Le rôle d'un gouvernement n'est d'encourager le moindre conflit dans la pays mais plutôt de contribuer à l'apaisement des esprits. Cela se passe par la recherche de solutions capables d'améliorer le quotidien de chaque citoyen. Le bras de fer désormais intensifié entre le gouvernement et les syndicats centrafricains laisse présager un sombre avenir quant à la volonté du pouvoir de répondre aux attentes des travailleurs centrafricains. Ce genre d'attitude laisse place à au moins deux interprétations possibles : le gouvernement tente de casser un mouvement qu'il a lui-même qualifié de légitime ou il y'a deux capitaines dans le bateau centrafricain (d'un côté le chef de l'Etat qui veut une reprise du dialogue et de l'autre le gouvernement qui veut mettre à genoux toute protestation).

La volonté d'éviter une énième " année blanche " ne doit pas nous conduire à prendre des mesures sans lendemain tout en durcissant la tension sociale déjà forte. Ce n'est pas avec de telles mesures que l'on pourrait rassurer les partenaires internationaux d'une quelconque volonté d'ouverture.

Il est plus qu'important que nos dirigeants comprennent que le but des Centrafricains n'est pas d'hypothéquer l'avenir de leurs enfants (combien de ministres aujourd'hui peut dire qu'il a des enfants qui ont connu les années blanches de 1990 à 1993 qui ont contribué au départ du pouvoir de l'équipe Kolingba ?) mais de leur assurer un cadre cohérent dans lequel ils puissent nourrir l'espoir de lendemains stables.

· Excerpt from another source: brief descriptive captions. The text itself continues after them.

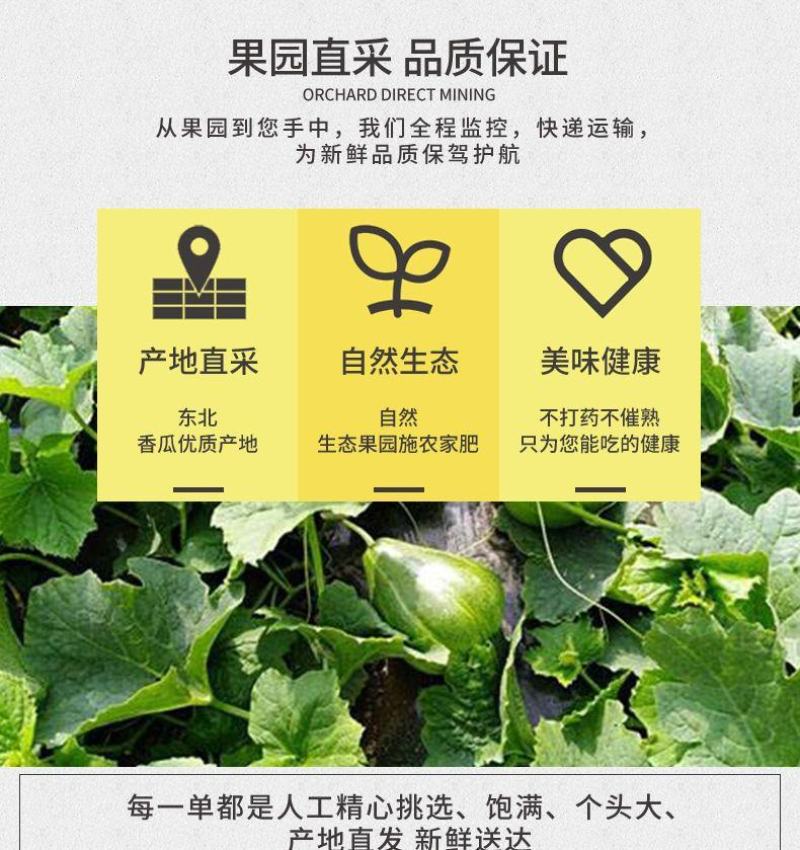 顺丰一件代发京蜜香瓜东北甜瓜支持电商主播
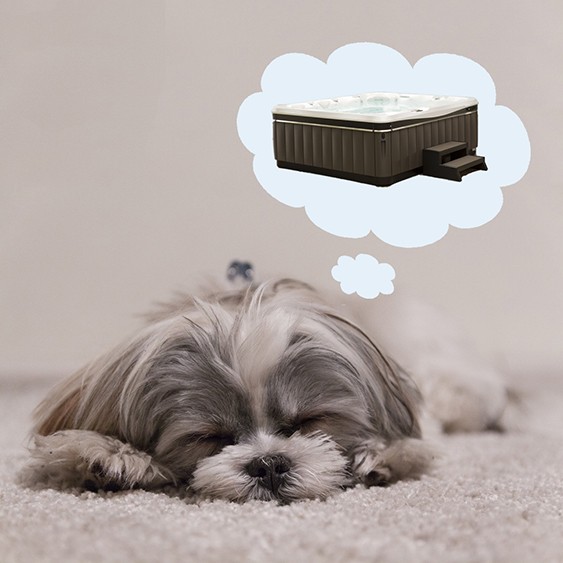 a sweet little doggy sleeps and dreams of the therapeutic and health benefits of hot tub ownership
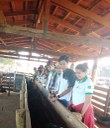 Visita técnica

A peine, le FMI montre un signe d'espoir que l'on se permet déjà de brader le capital de la jeunesse à qui l'on veut faire éviter une année blanche. Car comment expliquer que le gouvernement va payer ses nouvelles recrues lorsqu'il n'arrive pas à trouver de véritables solutions aux arriérés des salaires des anciens. N'oublions pas que la ligne de crédit que le FMI nous autorise à tirer (avec l'accord à venir de la Banque Mondiale) ne fait qu'accroître notre service de la dette, bloqué depuis déjà trop longtemps. Ce qui veut dire que nos futures recettes, lorsqu'elle n'alimenteront des comptes privés à l'étranger ou financer des voyages improductifs, iront au remboursement de ces dettes. C'est là le choix que fait ce gouvernement d'hommes prétendus compétents et intelligents.

Si effectivement, le budget permettait une telle marge de manœuvre, pourquoi dans ce cas avoir si tardivement pris conscience du manque d'enseignants pour une formation de qualité dans nos écoles ? Et que vaut la santé aux yeux du gouvernement qui, en panne d'idée, pense qu'un enfant peut apprendre le ventre vide et avec des maux de tête ?

 

Dans l'annonce faîte par le Ministre Eloi Anguimaté, une précision m'a quelque surpris : environ 500 contrats ont déjà été signés.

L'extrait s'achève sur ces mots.